## Assignment
Omit the images. Copy each entry word for word.

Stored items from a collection

++++++

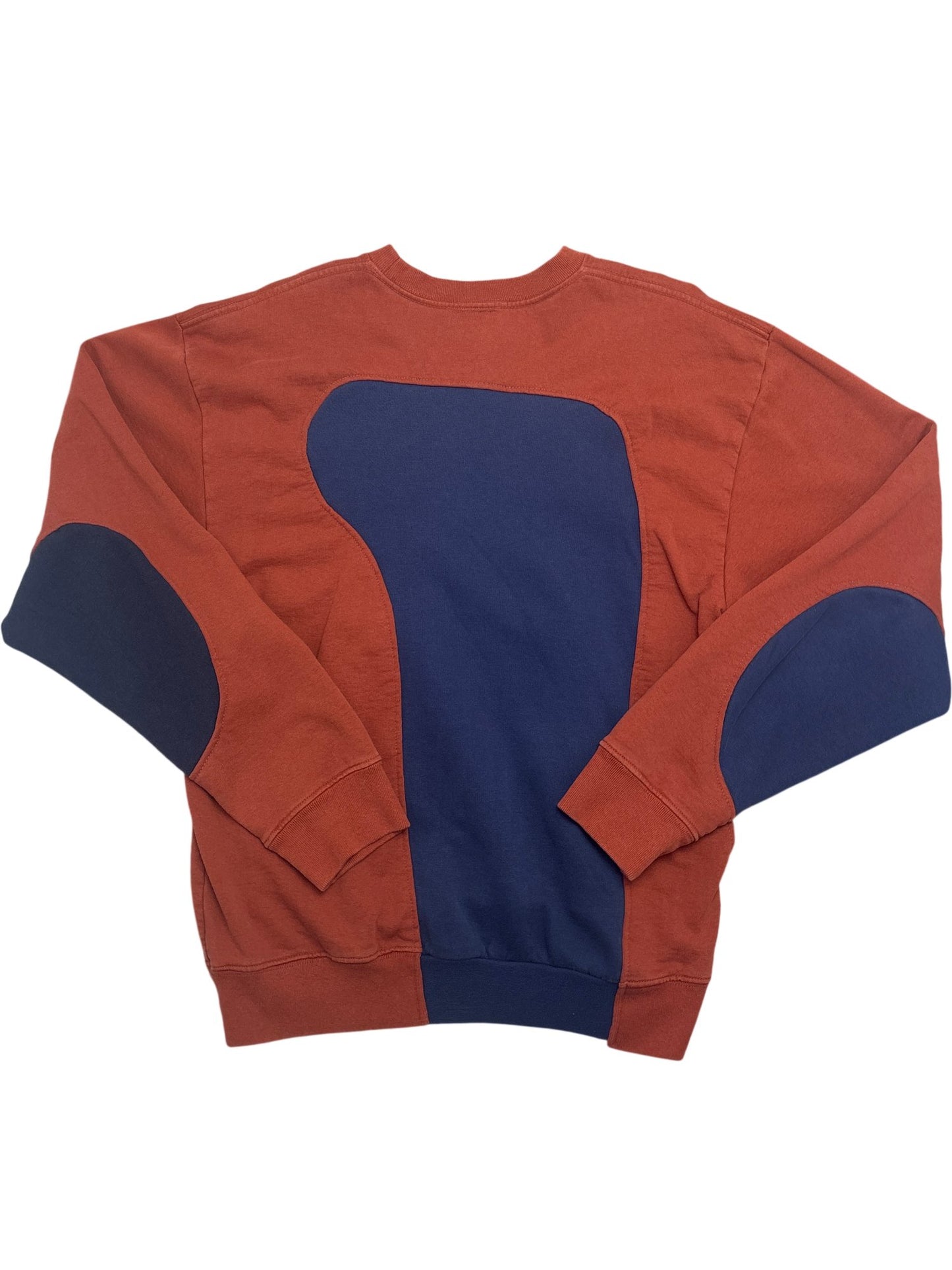 Vintage Red Adidas Crewneck Sweatshirt 90s (M)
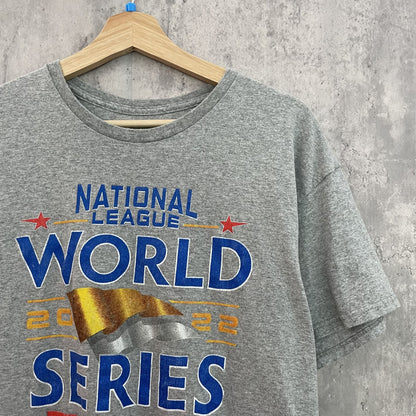 00s vintage 古着　ビンテージ　Tシャツ　フロントプリント　ストリート　スケーター　MLB スポーツ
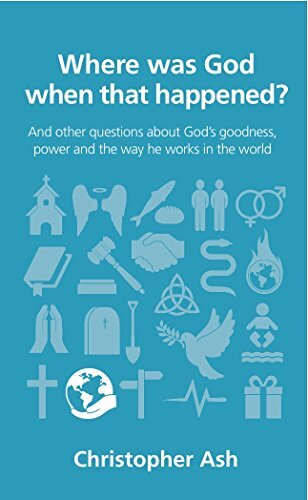 When a disaster happens; when personal tragedy strikes; when we are perplexed by world events, Christians begin to doubt that God is either truly good, or truly in control. Christopher Ash faces these questions head on, without flinching at any of the dif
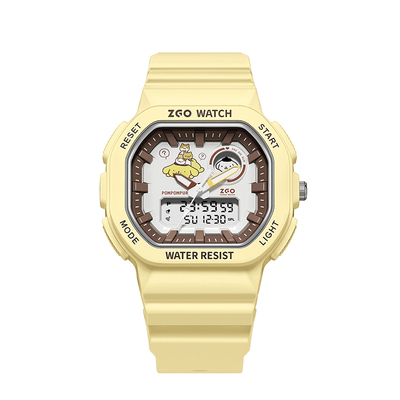 三丽鸥联名学生手表女孩电子表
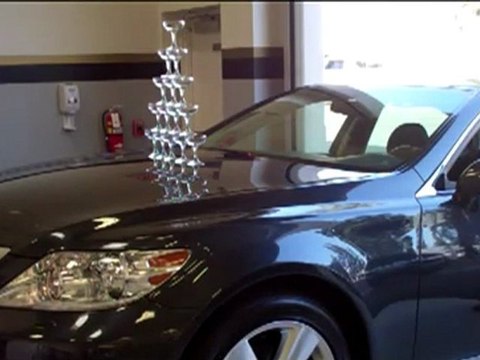 Lexus 1990 LS 400 and 2011 LS 460 Champagne Glass Commercial Update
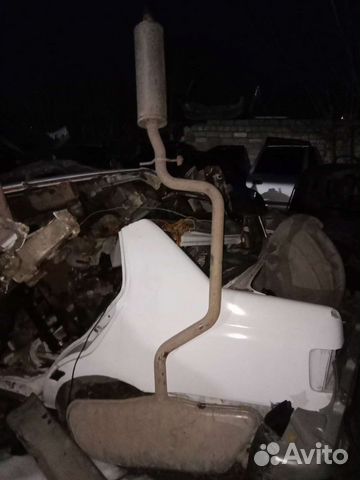 Глушитель skoda yeti 1.2 tsi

++++++

## Exercise response
 Vintage Red Adidas Crewneck Sweatshirt 90s (M)
 00s vintage 古着　ビンテージ　Tシャツ　フロントプリント　ストリート　スケーター　MLB スポーツ
 When a disaster happens; when personal tragedy strikes; when we are perplexed by world events, Christians begin to doubt that God is either truly good, or truly in control. Christopher Ash faces these questions head on, without flinching at any of the dif
 三丽鸥联名学生手表女孩电子表
 Lexus 1990 LS 400 and 2011 LS 460 Champagne Glass Commercial Update
 Глушитель skoda yeti 1.2 tsi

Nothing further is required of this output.